Поэтому в данной главе я подробно рассмотрю взгляды ученого в контексте истории идей, прежде чем обратиться к порожденным ими визуальным воплощениям и риторическим топосам дискурса о моде, которые являются предметом главы 2. Речь пойдет именно об истории идей, а не истории науки, так как меня интересует прежде всего распространение и рецепция дарвинизма за пределами естественных наук, в поле социогуманитарного знания: в рамках нарождавшихся в это время дисциплин, таких как культурная антропология, социология и психология, и в области популярных представлений о человеке и обществе. Такие представления не обязательно носили строго «научный» характер даже с точки зрения современников, не говоря уже о нашей ретроспективной оценке, однако образовывали важную часть публицистического дискурса и укоренялись в обыденном сознании огромного числа людей.
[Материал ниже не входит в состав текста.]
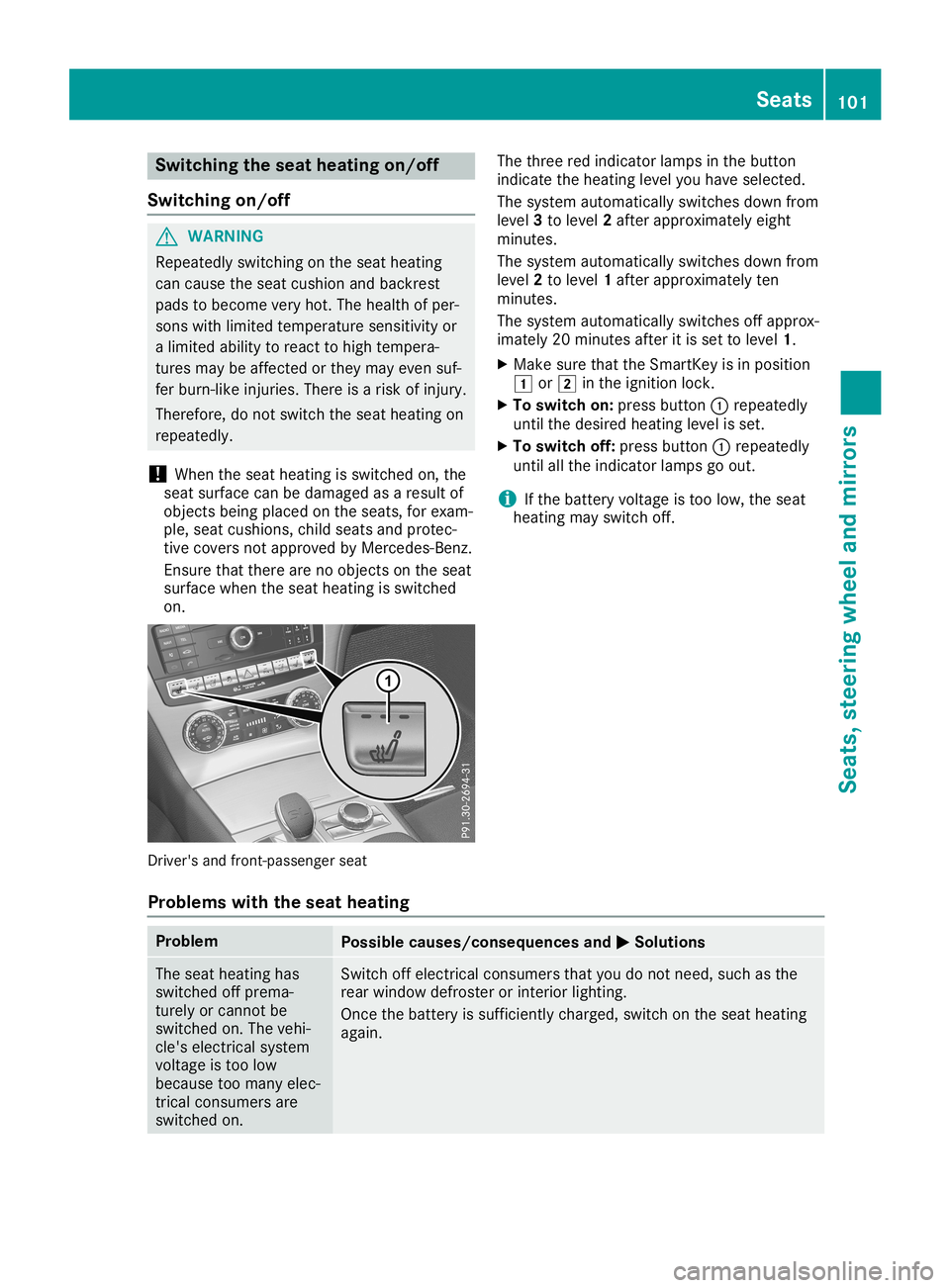 MERCEDES-BENZ SL ROADSTER 2019 Owners Manual Switching
theseat heating on/off
Switching on/off G
WARNING
Repeatedly switchingonthe seat heating
can cause theseat cushion andbackrest
pads tobecome veryhot.Thehealth ofper-
sons withlimited tempera MERCEDES-BENZ SL ROADSTER 2019 Owners Manual Switching
theseat heating on/off
Switching on/off G
WARNING
Repeatedly switchingonthe seat heating
can cause theseat cushion andbackrest
pads tobecome veryhot.Thehealth ofper-
sons withlimited tempera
В разделе «Чарлз Дарвин и мода» я рассмотрю связь идей Дарвина с их собственным интеллектуальным, социальным, визуальным и материальным контекстом, фокусируясь на многочисленных отсылках к современной женской моде в трудах ученого. Эти аналогии порой играют ключевую роль в дарвиновской аргументации, наглядно демонстрируя, до какой степени природа мыслилась в антропоморфных категориях, отражающих представления самого ученого о «естественном» устройстве общества. Раздел «Теории моды после Дарвина» посвящен попыткам различных авторов применить идеи Дарвина к описанию и объяснению истории костюма и модного поведения своего времени. Первые подобные опыты возникли уже при жизни Чарлза Дарвина и носили характер прямых отсылок к его работам, если не оммажей выдающемуся ученому. Со временем имя Дарвина исчезает из текстов, посвященных одежде и моде8, однако влияние его идей в этой области, как я продемонстрирую в данном исследовании, подспудно сохраняется по меньшей мере до конца 1930‑х годов. Наконец, в разделе «Не только Дарвин» речь пойдет об альтернативных взглядах на эволюцию живых существ, которые нередко смешиваются с дарвиновскими, в частности в дискурсе о моде, поэтому я вижу свою задачу в том, чтобы, насколько это возможно, разграничить трансформистские концепции и теорию Дарвина, а главное, их отзвуки в более широком культурном контексте. Идеи Ламарка, Жоффруа Сент-Илера и других более ранних авторов не только оказались вновь востребованы на рубеже XIX–XX веков, в качестве альтернативы «вышедшей из моды» в тот момент дарвиновской эволюционной теории, но и приобрели неожиданно актуальное звучание столетие спустя, в контексте дискуссий о постгуманизме и киборгизации, влияние которых на моду будет в дальнейшем подробно рассмотрено в главе 3.
Чарлз Дарвин и мода
В викторианском обществе, к которому принадлежал Чарлз Дарвин, преобладала гендерная идеология «раздельных сфер», предполагавшая, что повседневные занятия и интересы мужчин и женщин практически не пересекаются. Пример моды наглядно показывает, что это была довольно условная теоретическая конструкция, не отражавшая реального положения дел. Представления о должном в области современного мужского костюма нашли свое наиболее яркое выражение в известной концепции «великого мужского отречения», сформулированной Дж. К. Флюгелем в 1930 году (Carter 2003: 109). Согласно ей, во второй половине XVIII столетия в мужской одежде намечается движение к все большей простоте и лаконичности, сдержанным тонам, отказу от украшений и обильной отделки. Иными словами, мужчины дистанцируются от моды, сфера которой отныне маркирована как «женская», и максимум, что они могут себе позволить, – это «заметная незаметность» денди (Вайнштейн 2006). Однако, как будет показано далее в этой книге, по меньшей мере до середины XIX века именно мужчины прежде всего воспринимались как обладатели яркого «оперения», и в действительности сохранившиеся предметы одежды, в первую очередь разноцветные, расшитые шелком и золотой нитью жилеты, демонстрируют, скорее, тягу к приватной зрелищности, к роскоши, которая может быть не видна стороннему наблюдателю, но, безусловно, осязаема и важна для самого носителя.